The method is simple: connect the pump to the tubing, the tubing to the air stone, and place the air stone in the bucket. Fill up the bucket with water, properly pH and add your nutrients, and start your seeds. (Both of those links are to great videos that go into a lot more depth!)

Once your plants start to germinate and the roots start to hit the water, you’ll see an explosion of growth. Instead of spending energy growing the roots to search for pockets of water in soil, your plants can simply suck up as much water and nutrients as they need right away.

If the water is properly oxygenated, there’s no reason why your plant’s roots can’t remain submerged deep in the water (hence the name) for the entire life cycle of the plant!.

Why It Works

Because of the highly oxygenated and nutrient-rich solution, plants grown in a traditional DWC system can be harvested up to twice as fast as normal soil-grown plants! I’ve personally harvested a head of lettuce in 30 days from germination

The fastest I’ve ever grown lettuce in soil is 60 days.

Recirculating DWC

The traditional method is amazing for beginners, but what if you want to scale your system to the next level? Most people move to a RDWC, or Recirculating Deep Water Culture system when they want to upgrade their garden.

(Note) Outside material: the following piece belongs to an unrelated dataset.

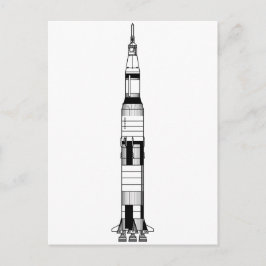 Die Saturn V-Rakete Postkarte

If you’re looking to grow at scale, the last thing you want to do is have 10 individual buckets, all requiring their own calibration and adjustment. If you’re growing the same plant across 10 different buckets, doesn’t it make a lot of sense to have one main reservoir and feed that nutrient solution across all 10 buckets?

If you said yes…you just invented the RDWC system!

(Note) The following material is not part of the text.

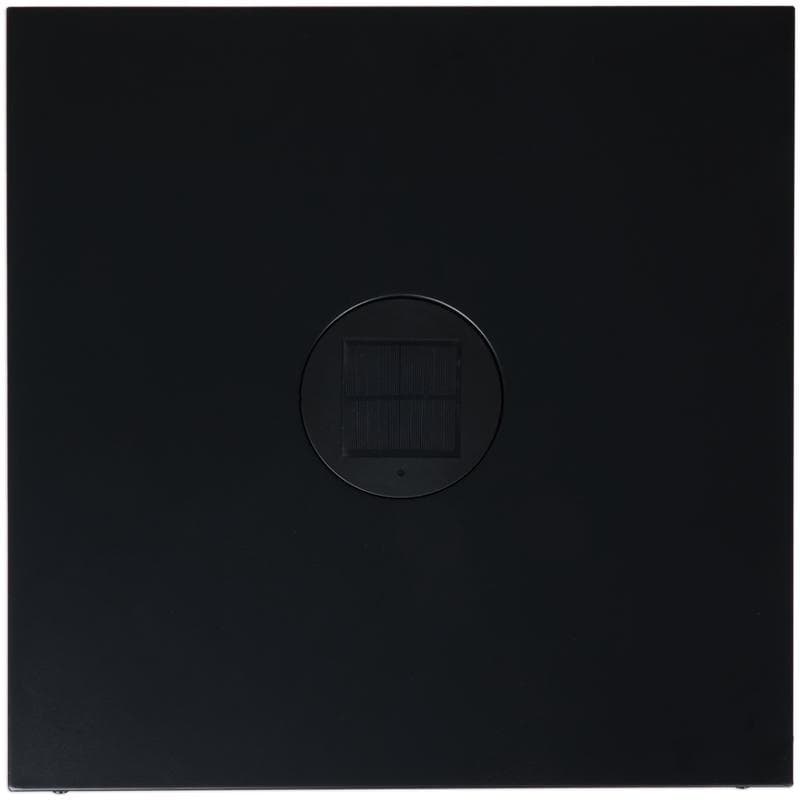 Bartafel met solarverlichting - zwart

You’d have to have a love of torturing yourself to want to individually pH and calibrate each of these buckets!

You might be wondering how the oxygenation of the water occurs if you have multiple buckets chained together. Just as it would be inefficient to have separate nutrient solutions for each bucket, it’s also inefficient to run an air stone system for each bucket.

This is where the recirculating part of the name comes into play. As water moves from bucket to bucket, it’s shuttled around via spray nozzles that oxygenate the water.

The beauty of this modification to the classic DWC system is that you only have to calibrate, oxygenate, and add more water from one central location and it gets fed out to all buckets immediately. The best analogy here is the power grid: we don’t run our own generators in our homes. Power is generated from centralized locations and then ‘sent out’ through the power grid to our houses.

Bubbleponics

Although many people don’t consider Bubbleponics to be all that different that the traditional DWC, I personally think that it has a few advantages and is important enough to talk about. Despite its silly name, the adaptation that Bubbleponics makes is simple.

Instead of waiting for your plants to germinate and the roots to hit the top of the water in your reservoir, Bubbleponics aims to speed up that process by top-feeding the nutrient solution to your plants for the first few weeks.

All that’s going on here is the addition of a water pump to the system, with drip lines running up out of the tank to the net pots that your plants are sitting in. Simple, but very effective in speeding up the germination and seedling phase of a plant’s life cycle.